This is a delicious evening, when the whole body is one sense, and imbibes delight through every pore. I go and come with a strange liberty in Nature, a part of herself.

While I enjoy the friendship of the seasons I trust that nothing can make life a burden to me. The gentle rain which waters my beans and keeps me in the house today is not drear and melancholy, but good for me too. Though it prevents my hoeing them, it is of far more worth than my hoeing. If it should continue so long as to cause the seeds to rot in the ground and destroy the potatoes in the low lands, it would still be good for the grass on the uplands, and, being good for the grass, it would be good for me.

Some of my pleasantest hours were during the long rain-storms in the spring or fall, which confined me to the house for the afternoon as well as the forenoon, soothed by their ceaseless roar and pelting; when an early twilight ushered in a long evening in which many thoughts had time to take root and unfold themselves.

In one heavy thunder-shower the lightning struck a large pitch pine across the pond, making a very conspicuous and perfectly regular spiral groove from top to bottom, an inch or more deep, and four or five inches wide, as you would groove a walking-stick. I passed it again the other day, and was struck with awe on looking up and beholding that mark, now more distinct than ever, where a terrific and resistless bolt came down out of the harmless sky eight years ago.

Men frequently say to me, "I should think you would feel lonesome down there, and want to be nearer to folks, rainy and snowy days and nights especially." I am tempted to reply to such — This whole earth which we inhabit is but a point in space. How far apart, think you, dwell the two most distant inhabitants of yonder star, the breadth of whose disk cannot be appreciated by our instruments? Why should I feel lonely? is not our planet in the Milky Way? This which you put seems to me not to be the most important question. What sort of space is that which separates a man from his fellows and makes him solitary?
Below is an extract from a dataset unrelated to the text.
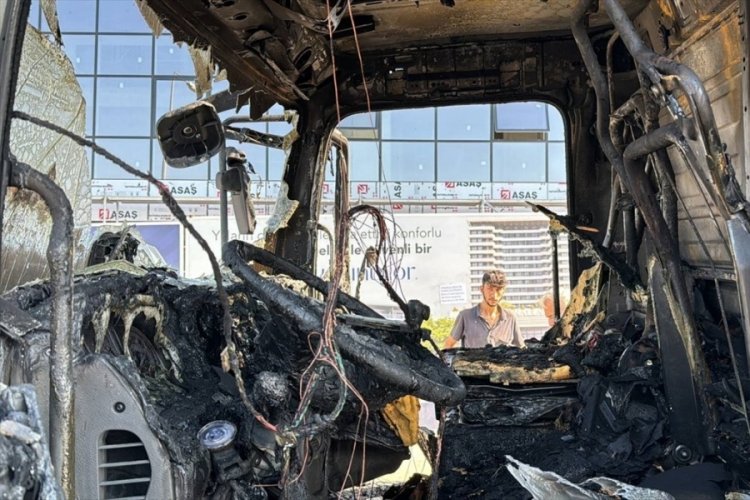 İstanbul'da sevkiyat kamyonu alevlere teslim oldu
I find it wholesome to be alone the greater part of the time. To be in company, even with the best, is soon wearisome and dissipating. I love to be alone. I never found the companion that was so companionable as solitude. We are for the most part more lonely when we go abroad among men than when we stay in our chambers. A man thinking or working is always alone, let him be where he will. Solitude is not measured by the miles of space that intervene between a man and his fellows.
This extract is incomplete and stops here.